Sentiment de supériorité
Manifestement, une partie de la population fait preuve d’une confiance exagérée en ses propres capacités… En période d’euphorie boursière, cette confiance paraît d’ailleurs inversement proportionnelle au degré de ses connaissances. Comment expliquer autrement le boom des transactions sur Internet, et en particulier du day-trading – qui consiste à acheter et vendre le même titre dans la journée? Cette boulimie traduit un sentiment de supériorité visant à battre le marché, par une multiplication d’opérations.
Or, à moins d’être professionnel (et encore…), en quoi un amateur, même assidu, serait-il particulièrement qualifié pour réaliser une telle performance? En fait, les nouvelles ne sont guère encourageantes pour le petit investisseur dynamique, comme le montre une autre étude réalisée en 1998 par le même Terry Odean avec Brad Barber, également de l’Université de Californie-Davis.

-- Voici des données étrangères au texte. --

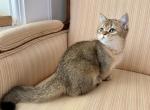 Munchkin Golden Male - Munchkin Kitten For Sale - Orlando&comma; FL&comma; US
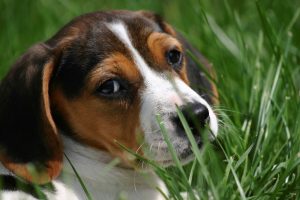 Hidden fence michigan
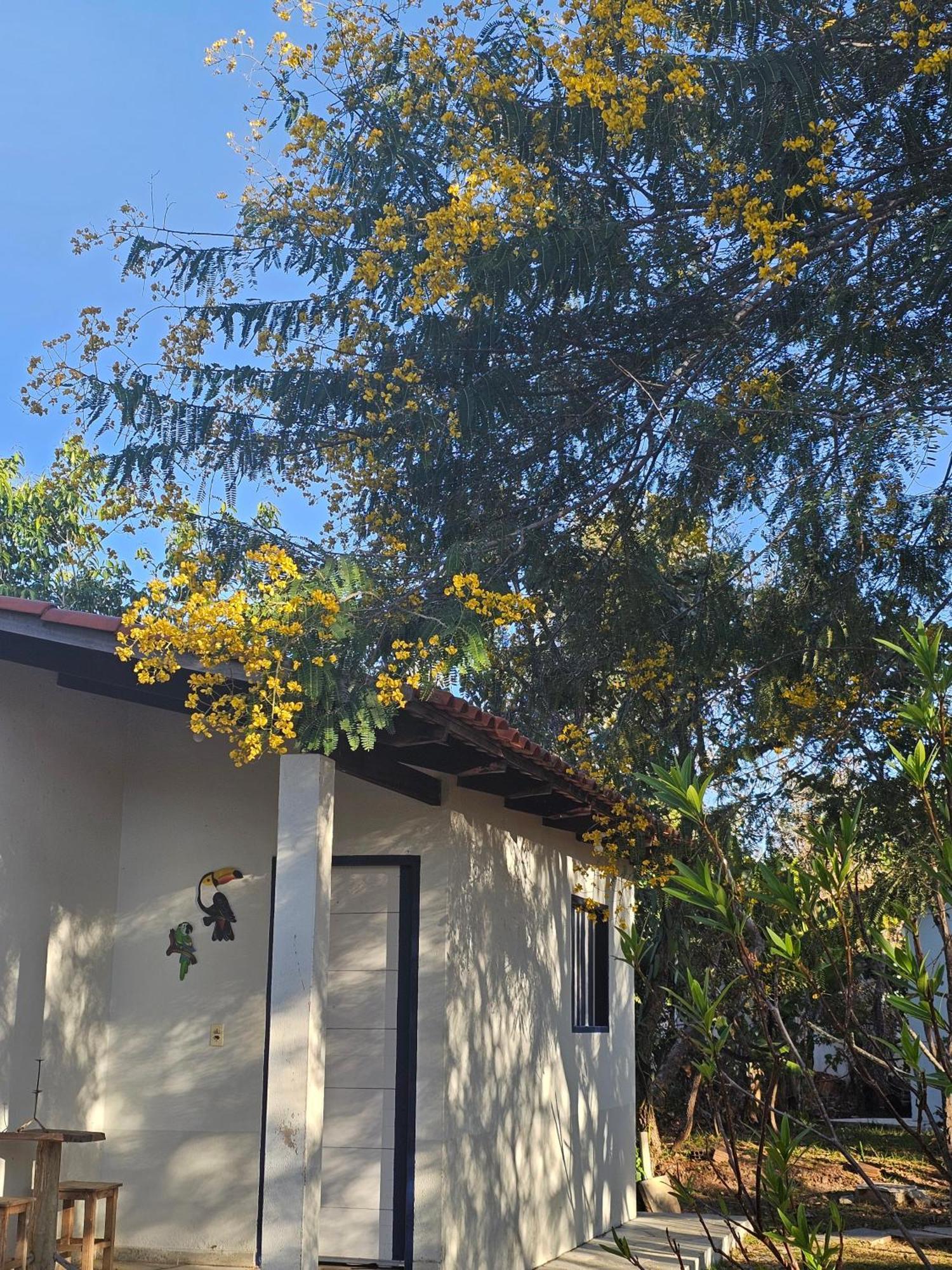 Estancia Morro Do Frota 피라노폴리스 외부 사진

Les deux chercheurs ont pris un échantillon de 60 000 foyers américains de février 1991 à décembre 1996, analysant la performance de leur portefeuille en actions. Les investisseurs les plus actifs, qui avaient donc réalisé le plus de transactions, enregistraient également la plus mauvaise performance. Ce qui n’a rien de surprenant si l’on considère les piètres résultats attendus, aggravés par des coûts de transactions plus lourds également.
A la lumière de tels résultats, on peut se demander ce qui pousse tant d’individus à vouloir se transformer en traders du dimanche. Outre l’intérêt pour le jeu, qui n’est sans doute pas négligeable, on peut avancer qu’en période de hausse quasi continue des marchés, comme c’est le cas depuis une dizaine d’années, la pire des politiques se révélera encore positive.
De plus, comme l’explique Richard Thaler – et c’est sans doute déterminant -, la multiplication des opérations rend l’évaluation du rendement très opaque pour des investisseurs amateurs: ce brouillard les empêche de prendre conscience de la médiocrité de leurs prestations.
L’intérêt soutenu des investisseurs pour les fonds de placement gérés activement constitue également un sujet d’étonnement parmi les chercheurs. Car si leur objectif est de battre le marché, très peu y parviennent. Hersch Shefrin, professeur de finance à l’Université de Santa Clara, indique, dans son traité sur la finance comportementale, «Beyond Greed and Fear» (2) (Au-delà de l’avidité et de la peur), qu’entre 1977 et 1997, 83% des fonds de placement américains en actions ont réalisé une performance inférieure à l’indice S & P 500…
Sécurité des fonds indiciels
Sans doute l’enthousiasme des investisseurs vient-il des résultats à court terme qui permettent à beaucoup de fonds de connaître leur heure de gloire. Mais, rapidement, le fonds rentre dans le rang: statistiquement, la surperformance ne se répétera pas au-delà d’un an.
En conséquence, si l’on considère la faiblesse à long terme des performances des fonds en actions gérés activement, il est beaucoup plus judicieux, comme le préconise Richard Thaler, de n’investir que dans des fonds indiciels.
(1) Why smart people make big money mistakes and how to correct them. Gary Belsky & Thomas Gilovich; Fireside 2000; New York.
(2) Beyond Greed and Fear, Understanding Behavioral Finance and the Psychology of Investing. Harvard Business School Press; Boston 2000.